His forte is working in close collaboration with his authors, ensuring that the final text in English exactly reflects the author’s intention, as this emerges from the translation process.
His translations have covered many different fields of the arts, including sculpture, rock art, architectural history, conceptual art, photography, cinema and painting (from the Old Masters to Impressionism, Modernism and Contemporary). They range in scale from catalogues raisonnés and volumes of art history to press releases, captions and audio guides for gallery and museum exhibitions. He is also an author and critic in his own right.
Chris also translates from Spanish, having worked for the Dalí Theatre-Museum, the Getty Museum, Tate Modern, the artist Manuel Saiz and others.

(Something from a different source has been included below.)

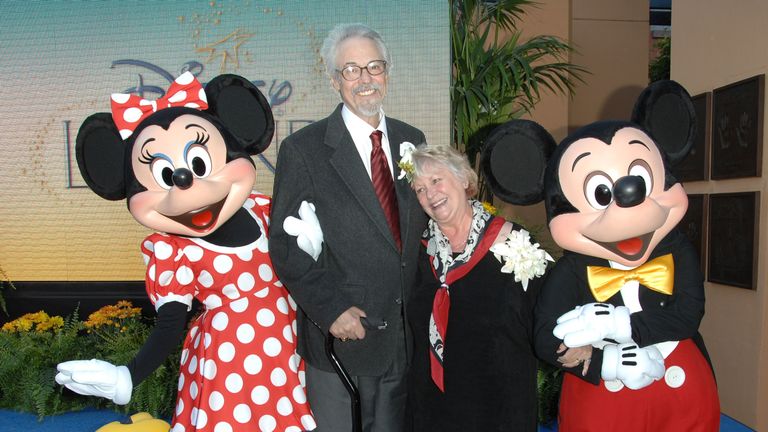 Minnie Mouse, the voice of Mickey Mouse Wayne Allwine, the voice of Minnie Mouse (also Mr. Allwine&#39;s wife) Russi Taylor and Disney charactor Mickey Mouse attend the 2008 Disney Legends Ceremony at the Walt Disney Studios on October 13, 2008 in Burbank, California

A native English speaker bilingual with French, he is also a fluent reader of Italian and Portuguese and conversant with Catalan, Latin and Ancient Greek. He read Classics at Merton College, Oxford (1973–77), lived in Paris for four years, and has worked in Copenhagen and Bogotá. Co-founder of the Oxford Amnesty Lectures (1990–2008), a four-year member of the panel of the Oxford-Weidenfeld Translation Prize (2006–09), he is based in Oxford, England.